Chemische Experimente in der Forscherwerkstatt

In kleinen Gruppen experimentierten die Schüler unter fachkundiger Anleitung. Dabei stellten sie sogar selbst Fruchteis her, das selbstverständlich zum Verzehr geeignet war. © Meyer

Jeweils in den Sommer und Herbstferien findet die dreitägige Forschwerkstatt statt. Die Themenschwerpunkte variieren dabei. „Im Sommer sind es Themen wie Chemie und im Herbst eher technische Aspekte wie Physik und Informatik“, erklärt Jörg Kleinecke. Und während er dies sagt, tritt ein Oberstufenschüler an Kleinecke heran und fragt: „Wo haben wir denn Siebe?“. Dazu muss man wissen: Die Betreuung der 100 jungen Schüler könnten die vier Fachlehrer gar nicht alleine übernehmen. Aus diesem Grunde helfen sechs Oberstufen- und neun Mittelstufenschüler trotz der Ferien bereitwillig aus. „Sie betreuen jeweils eine Gruppe“, erläutert Jörg Kleinecke, „und es gibt sogar Schüler bei uns, die seinerzeit selbst teilgenommen haben und heute Betreuer sind.“

Chemische Experimente in der Forscherwerkstatt

Ein genaues Abwiegen der einzelnen Versuchskomponenten war unerlässlich. © Meyer

Eine davon ist die Neuntklässlerin Viktoria Kömmelt. „Es hat mir damals als Teilnehmerin viel Spaß gemacht und das macht es mir auch heute als Betreuerin. Es macht einfach unheimlich viel Freude, mit den jungen Schülern zu arbeiten.“ Mit ein Grund dafür ist, so berichtet es Jörg Kleinecke, die große Neugier der Grundschüler. „Sie haben einfach Lust, Dinge auszuprobieren. Und hier können sie dies außerhalb des klassischen Schulrahmens.“ Es gehe darum, die Kinder an die Naturwissenschaften und die Schule frühzeitig heranzuführen. Und ein kleines Talentscouting ist es nebenbei auch noch.

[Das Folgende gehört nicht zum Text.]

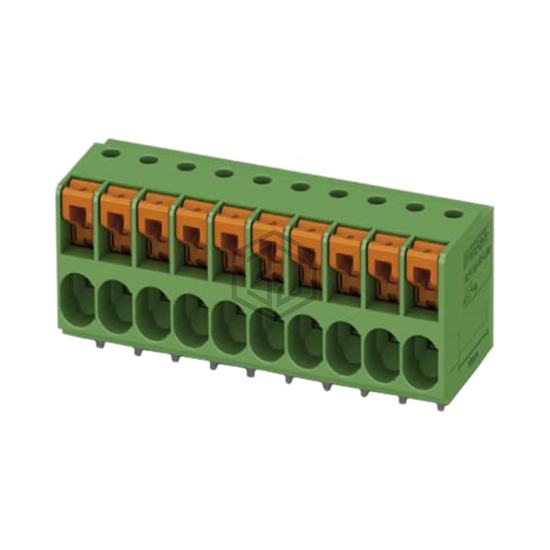 1017511 - Phoenix Contact - Terminal Blocks - Wire to Board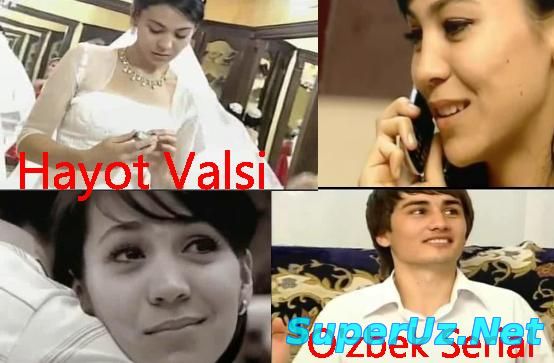 Hayot Valsi / Хаёт Валси (O'zbek Serial) To'liq 1-10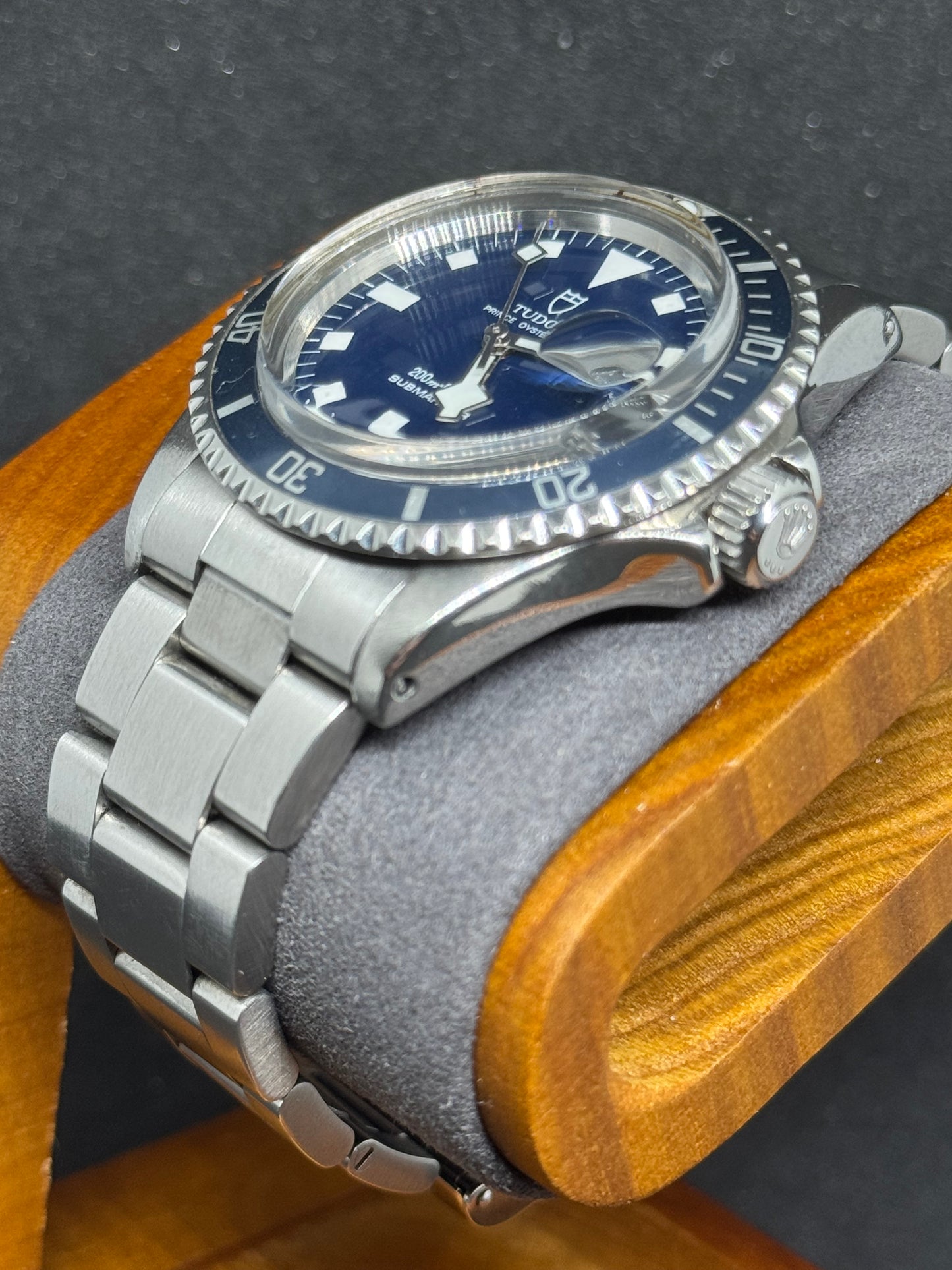 Tudor Submariner Snowflake Ref. 9411/0 | 1974 | Vintage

Chemische Experimente in der Forscherwerkstatt

Viele Utensilien kamen in den Experimenten zum Einsatz. © Meyer

„Ich wandere ja von Gruppe zu Gruppe und halte schon die Augen offen, wer besonders talentiert ist und vielleicht später mal für meine „Jugend forscht“-Gruppe infrage kommt“, verrät Kleinecke. Für alle Teilnehmer gibt es übrigens auch eine extra angefertigte Lehrmappe, in der alle Experimente der drei Tage inklusive des dazugehörigen Knowhows aufgeführt sind. „So können die Kinder die Experimente zu Hause jederzeit noch mal ausprobieren“, so der Organisator. Mit dabei: Eine Anleitung zum Herstellen von Eis und Limonade.